▸ What you are asked to do
Without any pictures, retype exactly the lines from the one with "2025新款戶外徒步運動登山雙肩包男女學生旅遊休閒書包旅行包 2025新款戶外徒步運動登山雙肩包男女學生旅遊休閒書包旅行包" through the final line of the records.

▸ Data shown

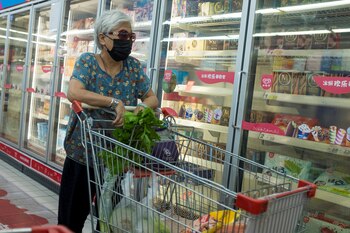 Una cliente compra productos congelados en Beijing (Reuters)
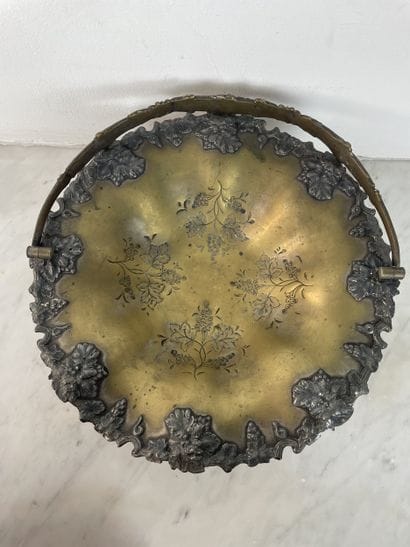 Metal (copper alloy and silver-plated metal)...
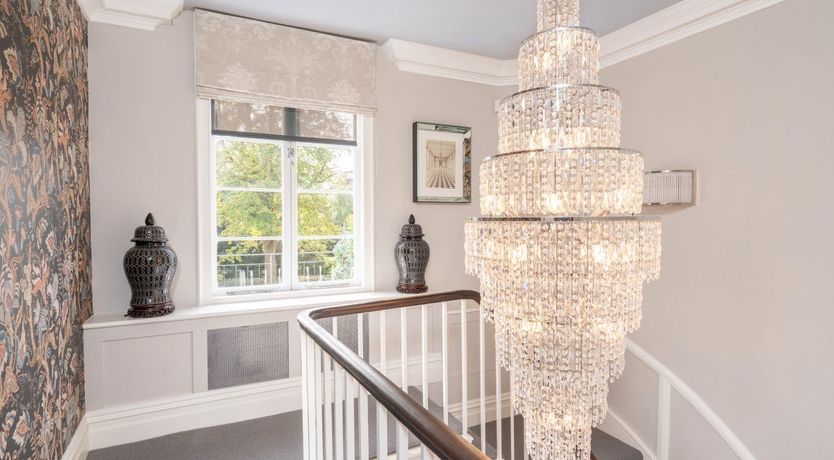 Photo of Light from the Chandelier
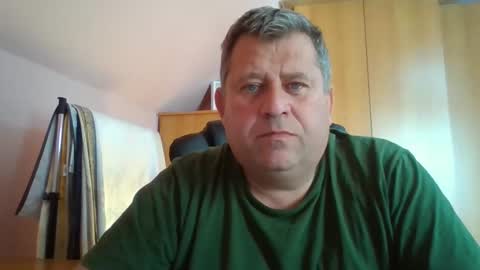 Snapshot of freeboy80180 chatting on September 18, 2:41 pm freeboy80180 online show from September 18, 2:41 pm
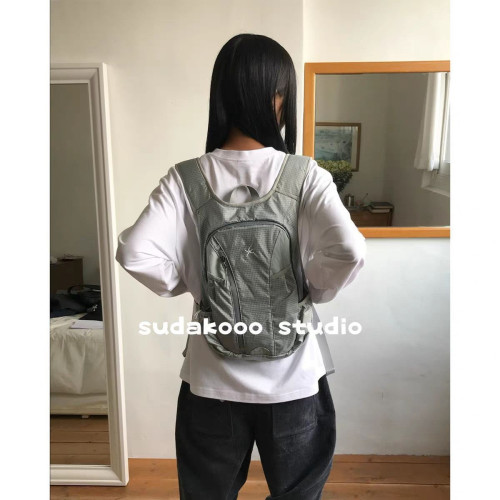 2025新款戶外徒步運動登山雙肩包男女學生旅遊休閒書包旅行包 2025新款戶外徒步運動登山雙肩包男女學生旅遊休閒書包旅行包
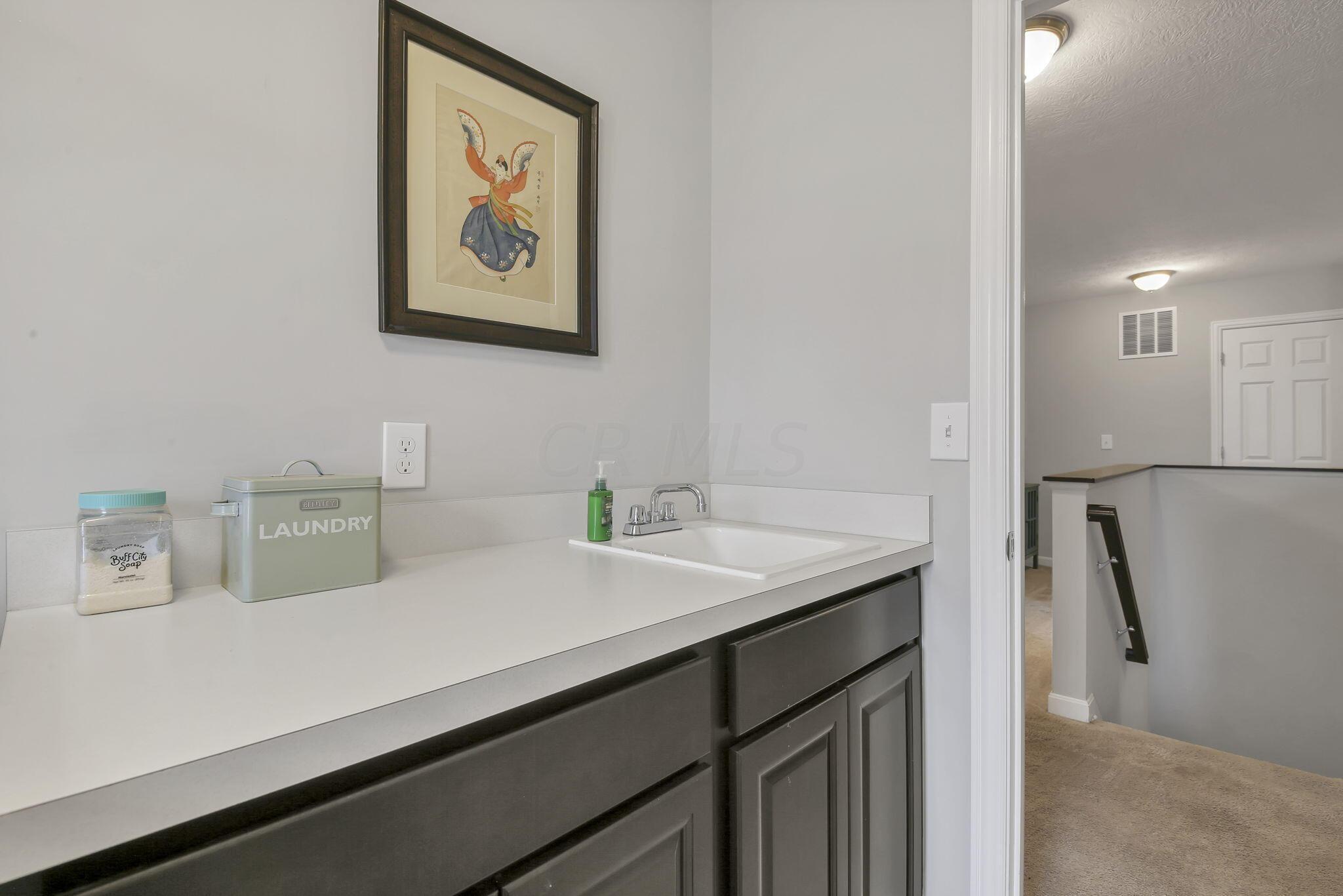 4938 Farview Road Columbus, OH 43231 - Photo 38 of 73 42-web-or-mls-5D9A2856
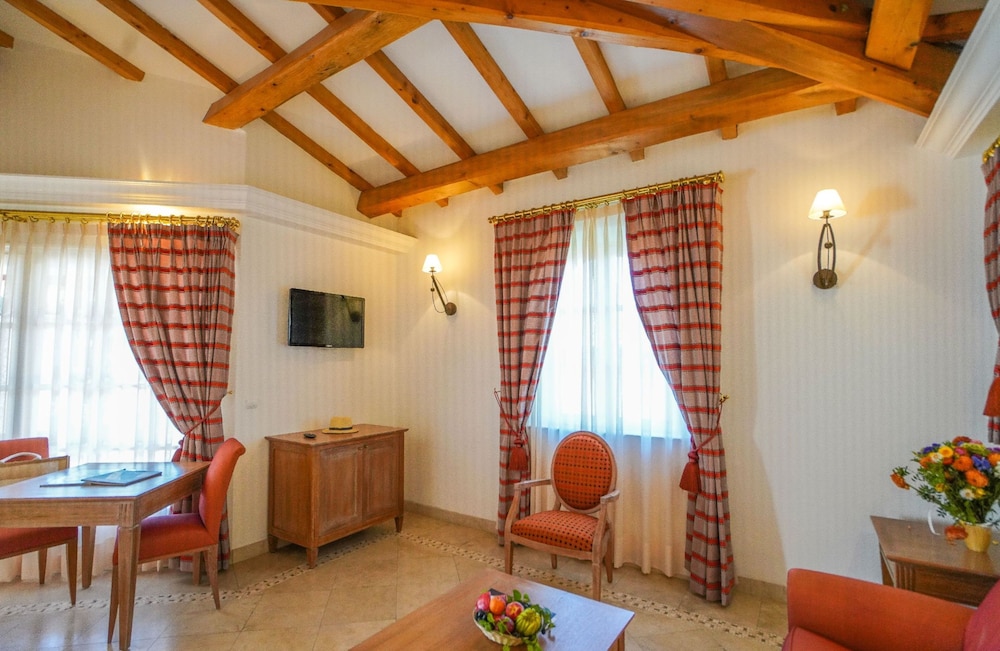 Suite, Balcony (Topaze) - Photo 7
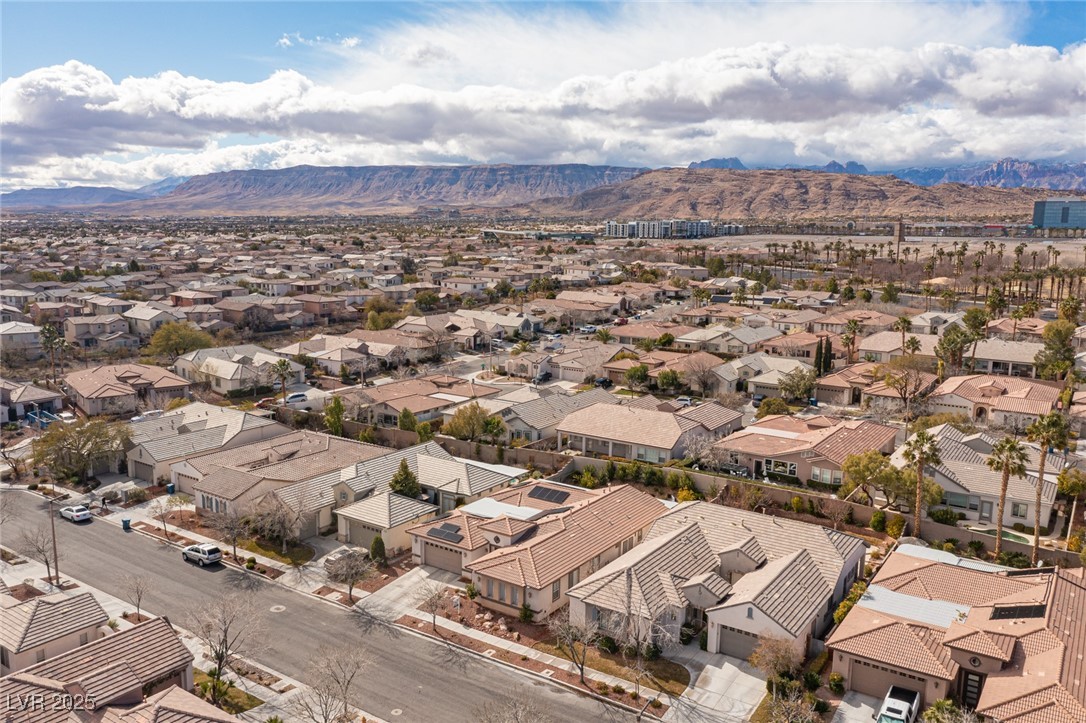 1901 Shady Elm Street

▸ Response to this task
 2025新款戶外徒步運動登山雙肩包男女學生旅遊休閒書包旅行包 2025新款戶外徒步運動登山雙肩包男女學生旅遊休閒書包旅行包
 4938 Farview Road Columbus, OH 43231 - Photo 38 of 73 42-web-or-mls-5D9A2856
 Suite, Balcony (Topaze) - Photo 7
 1901 Shady Elm Street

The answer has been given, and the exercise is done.